D. A Note About Terminology: Operant vs. Instrumental Learning

        Finally, we ought to note a distinction that is sometimes made between what is termed instrumental conditioning, and operant conditioning. In instrumental conditioning, the emphasis is on a discrete trial, a situation in which there is a clear starting point and a clear terminus. We may measure how long it takes the animal to make the response during the trial, or we may measure the relative probability of the animal's success. So, to take Thorndike's puzzlebox apparatus, the start of the trial occurs when a cat is placed in the puzzlebox, and it ends when the cat has made the escape response. How long this takes is what we are interested in.
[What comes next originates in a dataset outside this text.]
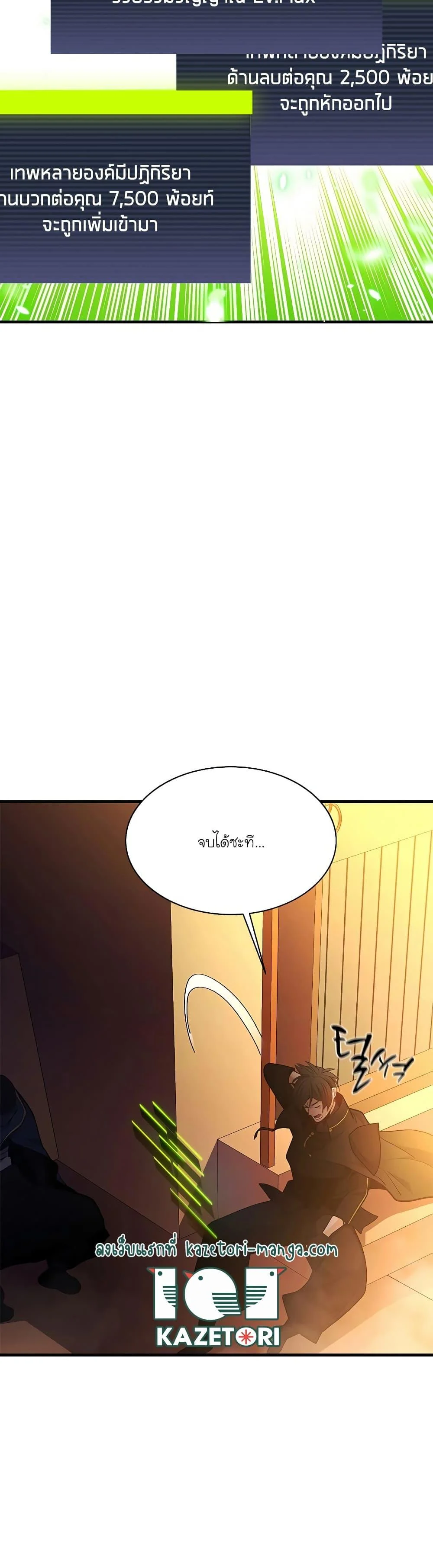 The Tutorial is Too Hard โลกฝึกสอนสุดโหดร้าย ตอนที่ 139 page 6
Similarly, in maze learning, the trial starts with the animal being placed in the start box, and ends when the animal has found its way to the goal box. (Or alternatively, we can specify the trial as what happens in some amount of time from when we have placed the animal in the start box. Where has it gotten to in, say, an allowed 30 seconds? Learning here will show up as increased probability of having made the correct response within the time frame of the trial.) In a third example, choice discrimination, the trial starts when the animal is exposed to two stimuli, and ends when the animal makes a response relevant to one of them. Our interest in this situation typically involves whether the animal has chosen the correct stimulus.

        There are no discrete trials in operant conditioning, on the other hand. A standard apparatus for operant conditioning involves a Skinner Box, a chamber with something that can be manipulated (a key to peck; a bar to press; a lever to move); various discriminative stimuli that may be turned on or off (lights; noises); and means to automatically administer reinforcements or punishments (food or shock dispensers connected to the bar, for example). Particularly with respect to such simple responses as pressing a bar to obtain food, the interest will be more in how rapidly those responses are executed. We don't stop the animal between responses in order to set up another trial. Rather, we typically look at characteristics of response rate over time.

        This distinction between discrete and continuous trials might also be expressed in a slightly different manner. On a discrete trial, you can succeed only once (or perhaps 8 times if we use an apparatus like Olton's radial maze, discussed in the previous chapter), whereas on continuous trials you have the opportunity to obtain virtually unlimited reinforcements. So, the difference between instrumental and operant conditioning in part involves whether there is a constraint on how many reinforcing events an animal can seek out. That having been said, I will generally treat these as equivalent.
 
 

II. Basic Requirements For Effective Conditioning

        Many of the principles for effective conditioning will prove familiar from our discussion of classical conditioning. Thus, number of pairings of a response with an outcome will prove important in characterizing how quickly we see changes in characteristics of the response (its strength, its amplitude, its latency, its probability, etc.) that signal evidence of learning. By the same token, number of times a response fails to be followed by an outcome will be important, not only in describing the course of extinction, but also (as in classical conditioning) in describing the contingency between a response and an outcome. Below, we will briefly consider additional principles having to do with temporal contiguity, outcome characteristics, and contingency.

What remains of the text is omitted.